I purchased it for about $31 a sheet. They make a 7/16" zip system panel (same stuff with a vapor barrier), but the thinnest sheathing is 1/2".

It is very dense stuff. 1 1/2" 1/4" crown SS staples were not always penetrating completely. They recommend screwing for proper flooring jobs.


----------



## shannonswyatt (May 7, 2012)

I ran into the same thing with staples.

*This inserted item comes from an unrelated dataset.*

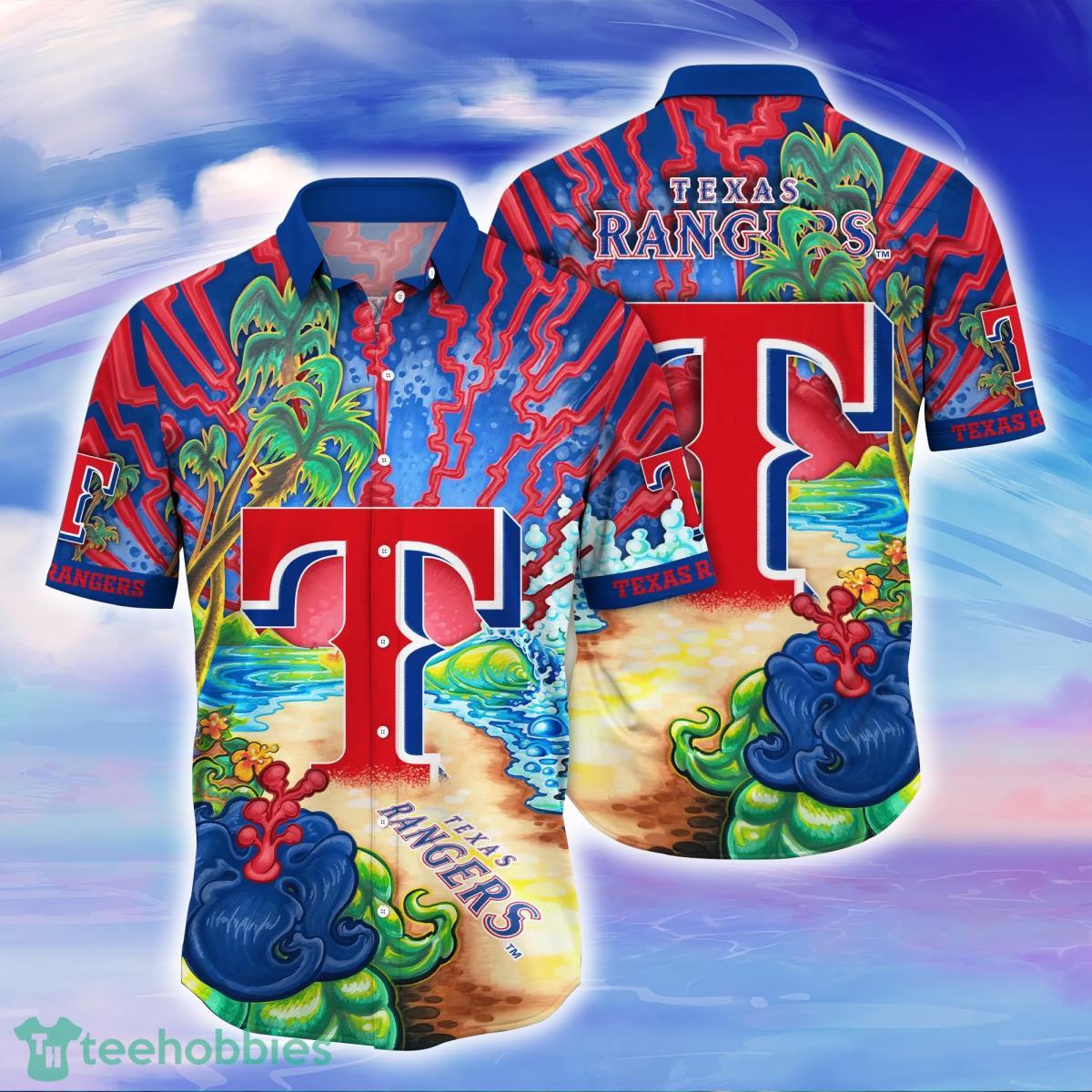 MLB Texas Rangers Logo Hot Hawaiian Shirt Gift For Men And Women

I glued it though and I may have used some long finish nails


----------



## BEES4U (Oct 10, 2007)

16-1/4" X 21-1/2" ( Can make some nice 8F bottoms and or covers.

Regards,
Ernie


----------



## PAHunter62 (Jan 26, 2011)

John Pluta posted a YouTube video on making combo top/bottom boards with pressure treated plywood ... I'm thinking of making up a bunch of these for my custom 6 frame medium NUCs.

https://youtu.be/Hnt4Gb_c7aw


----------



## AAIndigo (Jun 14, 2015)

Pressure treated plywood will warp.
I just made a few nucs and top covers with 1/2" MDO. This is a dense plywood with a paper face used by sign companies. You can get it at a lumber yard. Comes in 1/2 and 3/4". I used cleats on my top covers, glued and screwed. I sunk the heads and used car bondo. Sanded and painted.

Nice looking stuff. Time will tell


----------



## j.kuder (Dec 5, 2010)

AAIndigo said:


> Pressure treated plywood will warp.
> I just made a few nucs and top covers with 1/2" MDO. This is a dense plywood with a paper face used by sign companies. You can get it at a lumber yard. Comes in 1/2 and 3/4". I used cleats on my top covers, glued and screwed. I sunk the heads and used car bondo. Sanded and painted.
> 
> Nice looking stuff. Time will tell


 I had been in the sign business for 35 years and used mdo(medium density overlayed) ply. for all my tops and bottoms. double face is better single face warps. don't buy preprimed their primer sucks use good oil base primer and soak the edges.


----------



## jwcarlson (Feb 14, 2014)

PAHunter62 said:


> John Pluta posted a YouTube video on making combo top/bottom boards with pressure treated plywood ... I'm thinking of making up a bunch of these for my custom 6 frame medium NUCs.
> 
> https://youtu.be/Hnt4Gb_c7aw


I've been kicking that idea around... but don't the rails cause pooling and puddling on the top?


----------



## shannonswyatt (May 7, 2012)

If the hive is tilted it should have much puddling.


----------



## texanbelchers (Aug 4, 2014)

jwcarlson said:


> I've been kicking that idea around... but don't the rails cause pooling and puddling on the top?


Put the rails down which provides a top entrance and a flat top. You can use the same entrance reducers or make full blocking strips, if you want.


----------